The original Complaint alleges that defendants violated Sections 10(b) and 20(a) of the Securities Exchange Act of 1934, and Rule 10b-5 promulgated thereunder, by issuing a series of material misrepresentations to the market between October 23, 2001 and September 27, 2002, thereby artificially inflating the price of Flowserve securities.
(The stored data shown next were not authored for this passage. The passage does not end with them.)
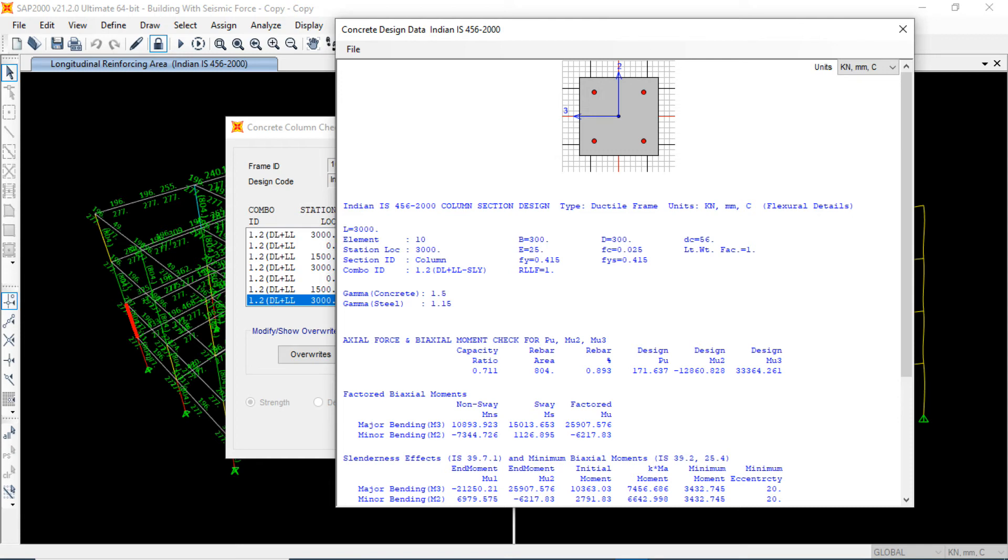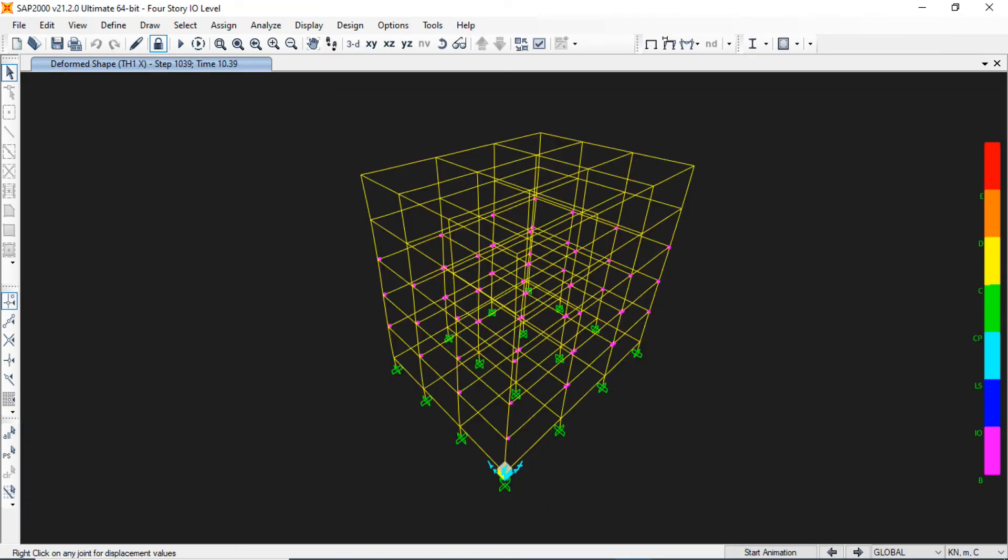In the advanced analysis part, I will cover performance-based design. Basically, I will show displacement-based design using SAP 2000. I will highlight every detail of non-linear analysis like time history and pushover analysis.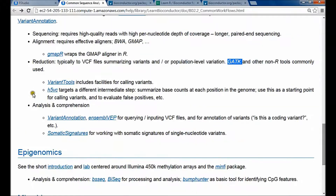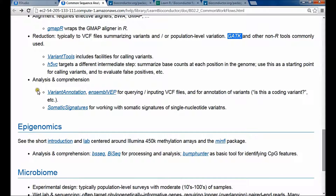Some consortium-level studies generate lots of data, and you need to think about the analysis and comprehension of the variants you've called. So you want to take the VCF file and ask questions about the variants: are the variants close to genes? Do they cause changes in coding sequence or introduce stop codons? What can be said about the variants per se?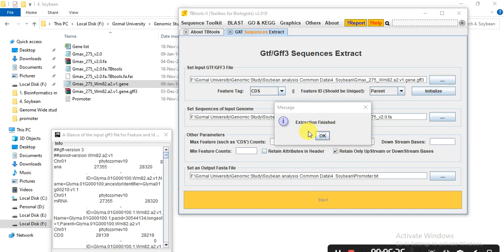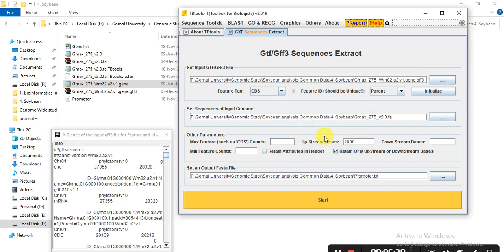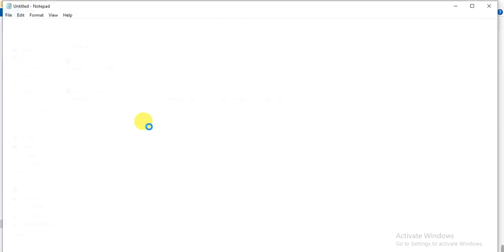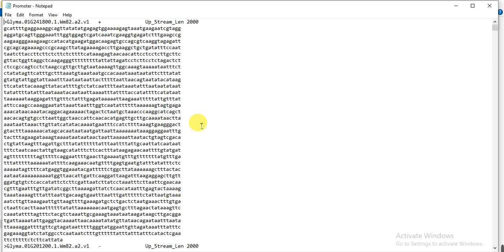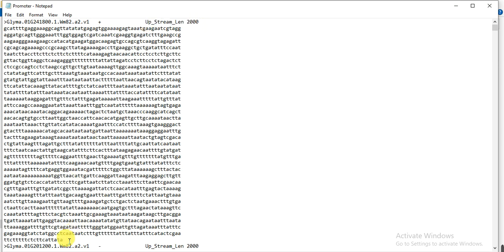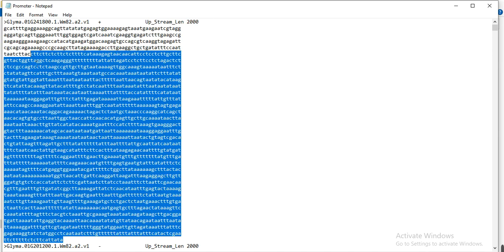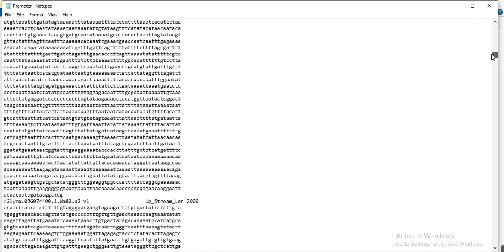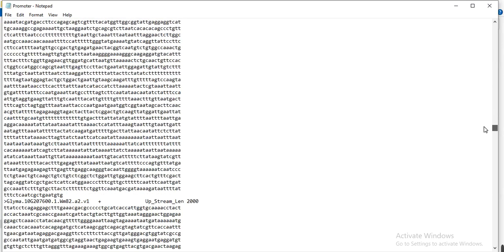When the process is finished you will receive the message: 'Extraction finished.' This is our output file and it is about 180 MB because it contains the whole genome's promoter region. We can check it by opening it. Here you can see the gene name, the strand information (positive or forward strand), the upstream region length which is 2000, and the actual upstream sequence bases — these are the promoter regions.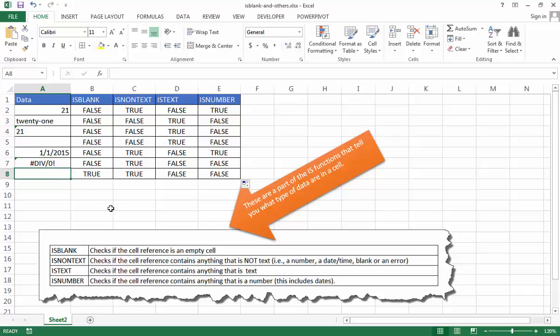So these are some of the IS functions that help you see data in a cell. This can be used as a validation check with your cells or it can be used in combination with other functions or formulas to provide validations in other cells. So I hope this helps. Thanks for watching.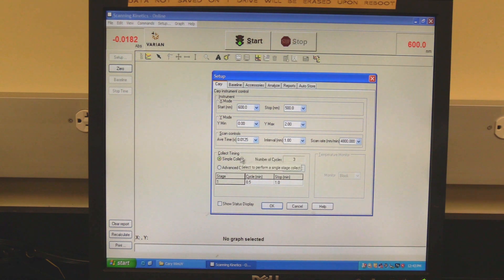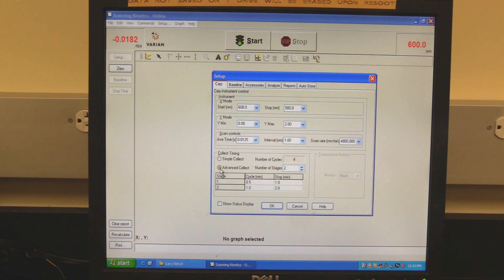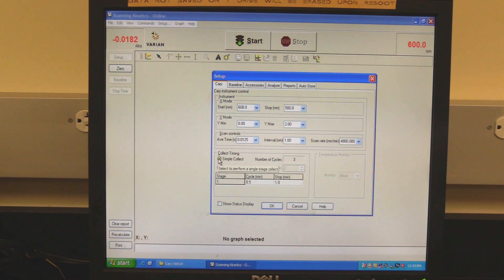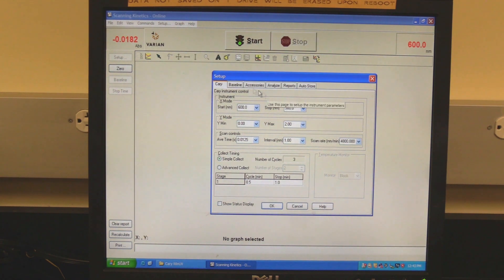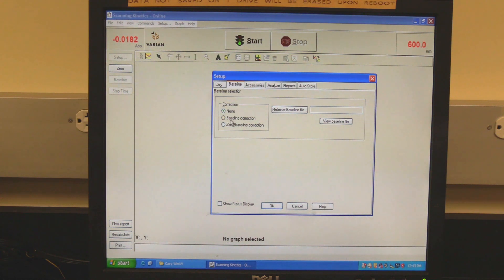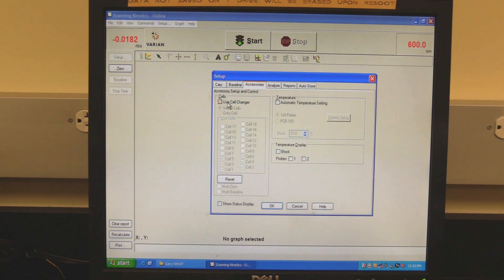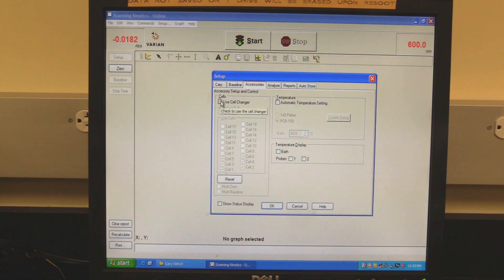In Collect Timing, select simple or advanced collect. Use simple if there is only one stage; use advanced if there are multiple stages. In the Cycle column, set the cycle duration; in the Stop column, set the end time of the reaction stage. Click on the Baseline tab — to automatically subtract the baseline, select baseline correction. Click on the Accessories tab. To use the cell changer, check the Use Cell Changer box and check the boxes for the desired cells.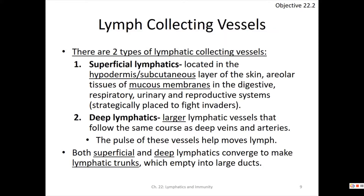We get most of our pathogens by breathing them in, leading to respiratory infections, digestive infections like stomach bugs, urinary tract infections, and reproductive infections like STIs. The deeper lymphatics are very large; they follow the arteries and veins where your pulse helps move lymph. Together they form lymphatic trunks, which lead to your lymphatic ducts — the thoracic and right lymphatic duct.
During the Class Period, as alleged in the complaint, the Company issued statements that failed to disclose and/or misrepresented the following adverse facts, among others: (a) that the Company's declining revenues and earnings during 2001 and 2002 would have caused the Company to violate its loan covenants but for its public stock offerings, which enabled the Company to reduce its debt, obtain favorable interest rates and debt refinancings from lenders, and enable Flowserve to fund the acquisition of the Flow Control Division ("IFC") of Invensys plc, among other things; (b) that demand for the Company's products had materially declined, especially its aftermarket sales or "quick-turnaround business" resulting in revenue and earnings shortfalls; (c) that the Company's recent acquisitions, including Ingersoll-Dresser Pump Co. ("IDP") and IFC, had not materially altered the Company's dependence on revenue streams from the Chemical industry, or further stabilized its aftermarket revenue streams for its pump and valve business through significant cross-selling opportunities, among other things; (d) that the Company's reorganizations, downsizing and facility closures, following its acquisition of Innovative Valve Technologies, Inc. ("Invatec"), IDP and IFC had failed to eliminate excess manufacturing capacity resulting in the material erosion of the Company's gross margins and earnings; (e) that the Company had severe and continuing integration problems following the acquisition of Invatec, resulting in a disruption of the Company's service and maintenance operations and contributing to the decline in Flowserve's high margin service revenues, eventually necessitating the reorganization of the Company's service business segment; and (f) based on the foregoing, defendants' opinions, projections and forecasts concerning the Company and its operations were
lacking in a reasonable basis at all times. On September 27, 2002, the Company warned of a 21% earnings shortfall for the quarter ending September 30, 2002, and cut its full year 2002 earnings guidance by over 60%, to $1.45 per share, from the $2.30 per share earnings guidance shared with investors during roadshow presentations promoting Flowserve's public offerings less than six months prior. Market reaction to the Company's
announcement was swift and severe. Flowserve shares fell over 38% to close at $8.70 on September 27, 2002, a decline of more than 75% from the Class Period high of $34.90 reached on May 2, 2002. Prior to the disclosure of the true facts, Flowserve completed two public offerings of its common stock, thereby raising more than $433.9 million, and Flowserve insiders sold their personally-held Flowserve common stock, generating millions in proceeds.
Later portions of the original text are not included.